Monday, January 19, 2009

Fanfare

I've got too much of twilight and the series rubbing off on me. I've been so addicted to those books like those were my -- personal brand of heroin, as how they put it in the book.
Part of me stopped work for an additional week just to read the books, and at the current rate that i'm devouring, i think 2 days is enough for me to be done with the entire series. I'm already wondering what i'm going to do with the remaining wednesday, thursday and friday by myself home alone. It's stupid telling them that i'm planning to work again -- so much for my indecisiveness. Then again, when i think of the work that i'll be doing, i can almost shut my eyes and wished i was better off lying in bed till late noon.

Human beings tend to be to fickle minded. When i don't have, i crave for it; and when i do have, i take it for granted.

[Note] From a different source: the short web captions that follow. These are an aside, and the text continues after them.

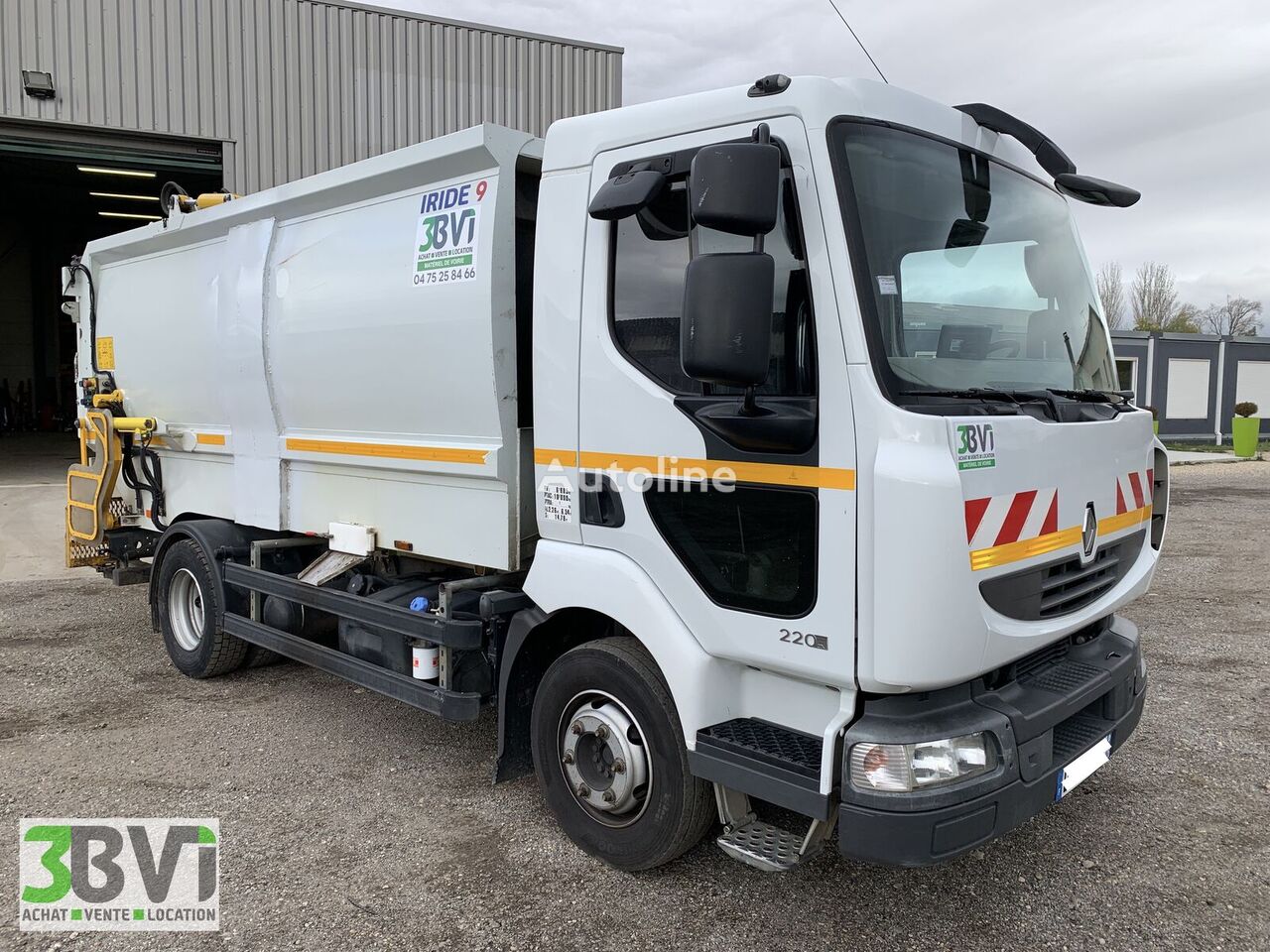 camion poubelle Renault MIDLUM 220 DXI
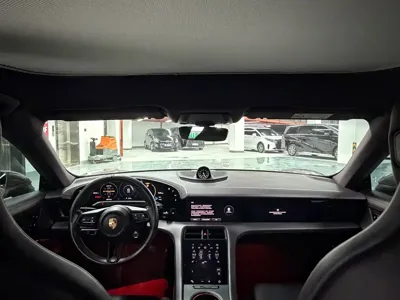 Porsche Taycan 2021, 28000 км, за 252800 CNY - фото 6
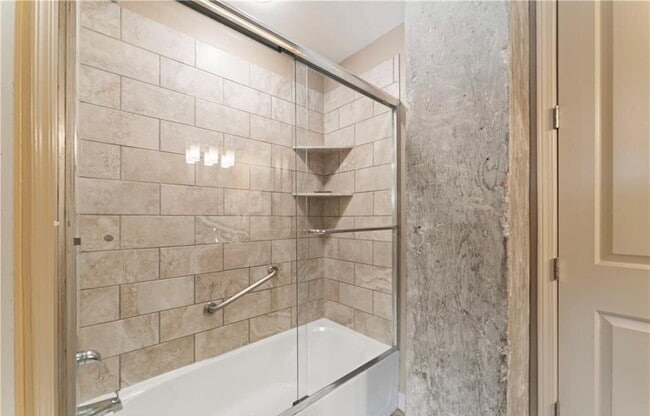 Building Photo - Contemporary Unit with High-End Features
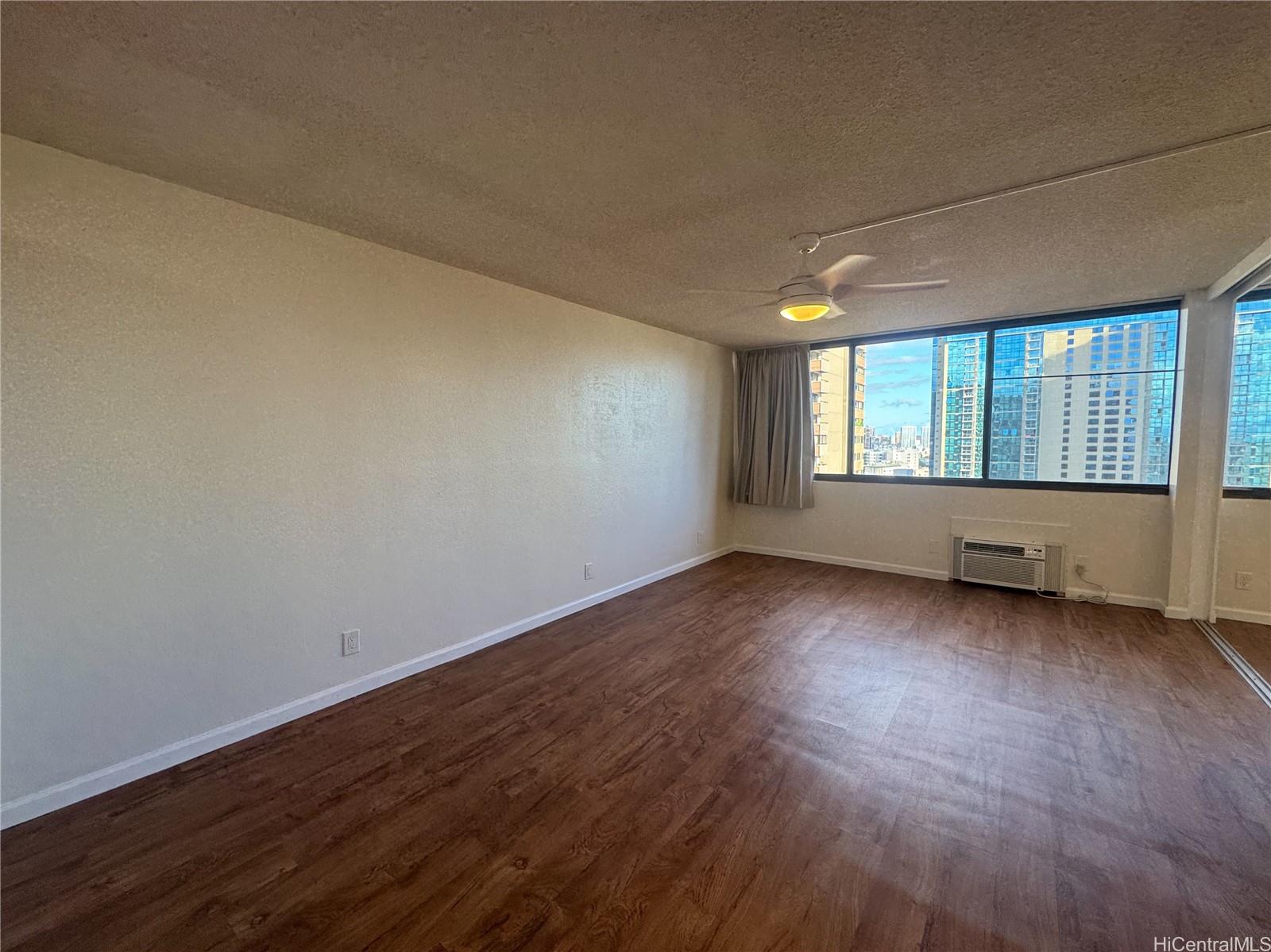 Kukui Plaza condo # E2211, Honolulu, Hawaii - photo 6 of 18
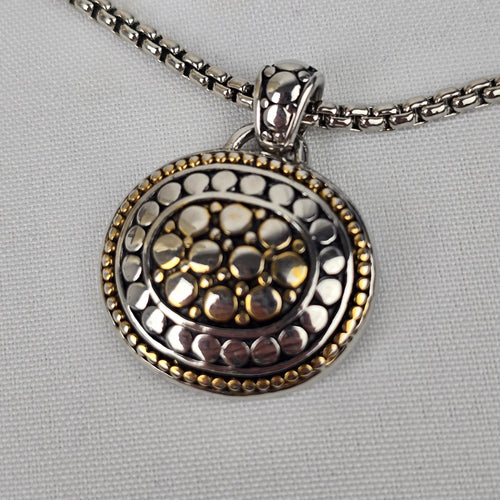 Silver Tone Pendant Chain Necklace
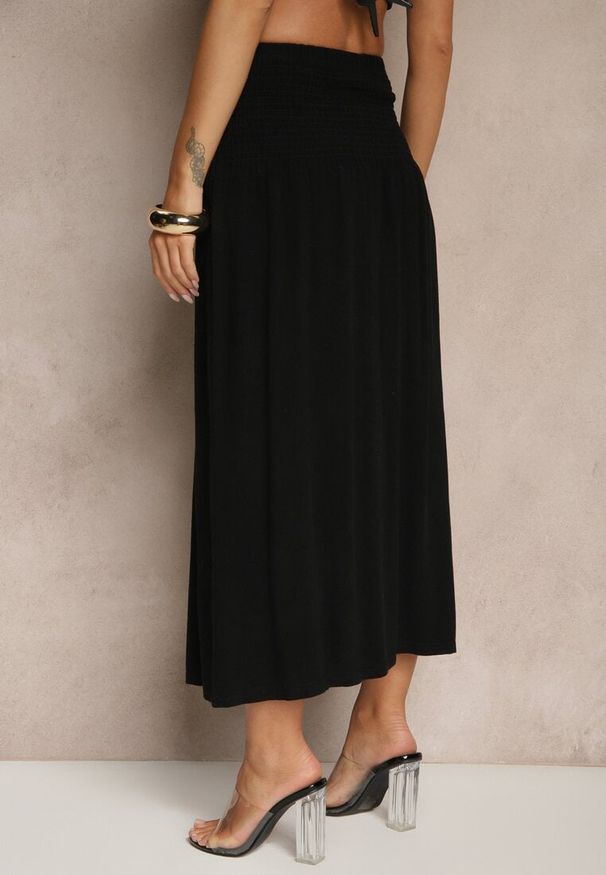 Renee - Czarna Spódnica z Wiskozą i Lnem High Waist o Rozkloszowanym Kroju Lumerellea. Stan: podwyższony. Kolor: czarny. Materiał: wiskoza, len. Sezon: lato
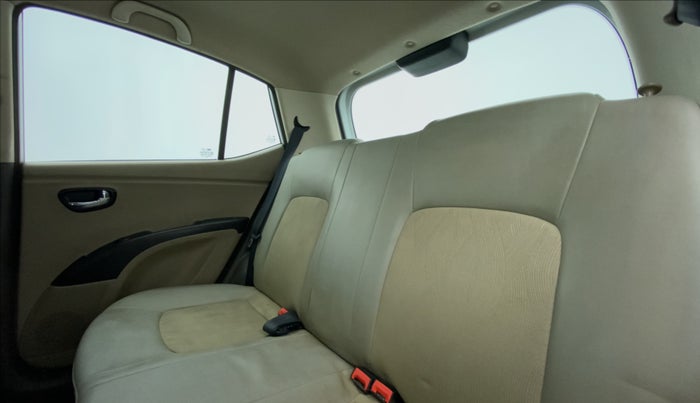2011 Hyundai i10 MAGNA 1.1 IRDE2, Petrol, Manual, 50,908 km, Right Side Rear Door Cabin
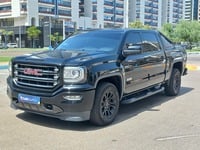 Used 2018 GMC Sierra for sale in Abu Dhabi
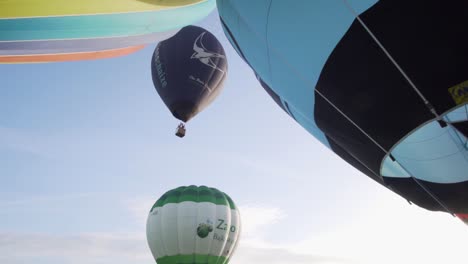 Schieben-Sie-Die-Ballons-Nach-Vorne,-Um-Einen-Bereits-Gestarteten-Ballon-Freizulegen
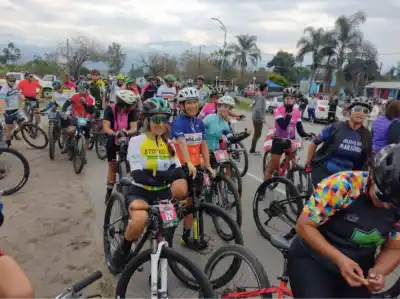 Se corrió la “Primera Vuelta a Santa Lucía de Mountain Bike”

I think i'm living in a different century prefering a different generation of people to be surrounded by. I'm aging much too fast mentally that i think i wouldn't even get married off because my expectations would have long shot through into space, sharing the same frequency with the meteors up there. I don't even know if i would be able to handle the new environment in JC with boys all over again just like in primary school. TKGS had done quite a lot for my growing up years. It might take a little getting used to, i guess.

I've always had this little fantasy of mine - my charming prince sweeping me off my feet and serenading me with a saxaphone on the other hand -- though that would be technically impossible, but what's a dream if there isn't a little bit of impracticality involved?